Challenge yourself at the Funky Monkey Park
Have an outdoor adventure at Odense’s Funky Monkey Park, a perfect excursion for all ages. The treetop park offers seven fun ropes courses with varying levels of difficulty, ranging from 50 centimetres to 15 metres high. There are 85 different challenges and 16 different zip-lines.
The green courses are perfect for kids or beginners, while the red and black courses are designed for those seeking a challenge.
The blue courses are some of the longest yet not too difficult to manage, whereas the Scary Monkey course is the highest and most difficult.
The park is closed during winter and only open on specific days of the year, so be sure to check the opening days and times on their website.
What to eat in Odense
When visiting Denmark, you have the opportunity to try the delicious Danish cuisine!

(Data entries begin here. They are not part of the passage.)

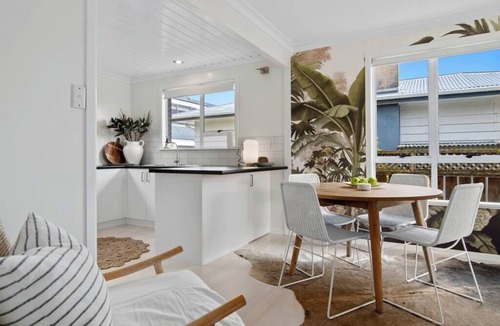 Omanu House | Five Palms Luxury Beach Escape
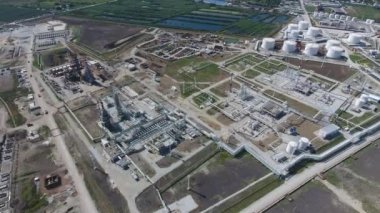 Birincil ve derin petrol rafine petrol rafineri tesisi.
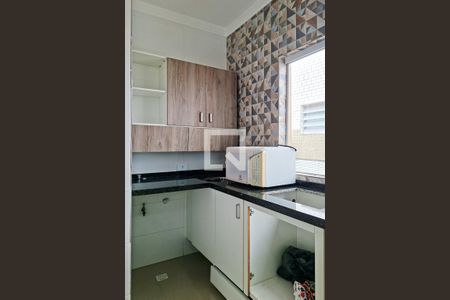 Cozinha de casa de condomínio para alugar com 2 quartos, 61m² em Nova Mirim, Praia Grande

Here are some of the top foods you can taste when in Odense:
- Pølser: A popular on-the-go dish, similar to American hot dogs. The red grilled sausages are served in a bun with onions, sliced pickles, mustard and remoulade, a Danish sauce. You can pick one up at any pølsevogn, which translates to “sausage wagon”.
- Aebleflaesk: A simple dish made with apples, pork and onions. It’s traditionally served at Christmas, but you can order it year-round.
- Karbonader: A type of breaded pork patty, served with green peas, carrots and potatoes. In some regions of Denmark, it’s also known as krebinetter. (Pictured below)
- Smørrebrød: An open-face sandwich, always prepared with dark rye bread. There are endless topping possibilities, including cold cuts, salmon, cucumber, tomato, red onion, avocado, and various garnishes. It’s a beautifully presented dish and always popular at cafes.
- Rababergrød: A delicious summer dessert, consisting of a rhubarb syrup with heavy cream and sugar.
- Hønsekødssuppe: A Danish take on chicken and vegetable soup.
Where to stay in Odense
One of the most luxurious places to stay in Odense, Denmark is the First Hotel Grand. Conveniently located in the middle of the city, you’ll have all of the best Odense tourist attractions right within walking distance.
First Hotel Grand seamlessly blends the building’s classic elements and rich history with comfortable and modern amenities. There’s also a free breakfast buffet and a superb cocktail bar.
A more affordable accommodation option is Billesgade Bed and Breakfast. Although it’s located in a quieter residential area, it’s only a 15-minute walk to Odense Central Station.
With clean and cosy rooms, a communal kitchenette, and a delicious fresh breakfast available, you’ll have everything you need to make Odense your home for a few days.
Tours to do in Odense
Since Odense is such a pedestrian-friendly city, a walking tour is a perfect way to get to know the area.
Embark on a private, guided city walk, following the footsteps of Hans Christian Andersen. Pass the cathedral where Andersen was confirmed and the river where his mother earned a living washing clothes.
One beautiful part of this city that hasn’t been mentioned yet is the river. Take a picturesque boat trip departing from Munke Mose every hour between 10 a.m. and six in the evening. It’s a relaxing and peaceful way to pass the time and see Odense.
A regular trip with Odense Aafart costs DKK 95 per adult, or you can opt for the Fairy Tale on the River experience for DKK 120. Remember to buy your tickets online to avoid waiting around in a queue.
Day trips from Odense
Train travel in Denmark is reliable and comfortable, making it easy to explore the country even when your time is limited.
While in Odense, you can take a day trip to Aarhus, the second-most populous city in Denmark. From Odense Station, the train ride will take you only an hour and 35 minutes. Once you’ve arrived, embark on a fascinating street art and rooftops tour of the city.
On foot, your guide will show you some of the best street art and graffiti while teaching you about the Danish art scene. You’ll also be able to climb up three different rooftops and appreciate the beauty of Aarhus from above.
There’s a two-hour walking tour you can go on as well that’s perfect for those with limited time. Spot the top landmarks like the City Hall, the 12th-century Aarhus Cathedral, and the Moesgaard Viking Museum.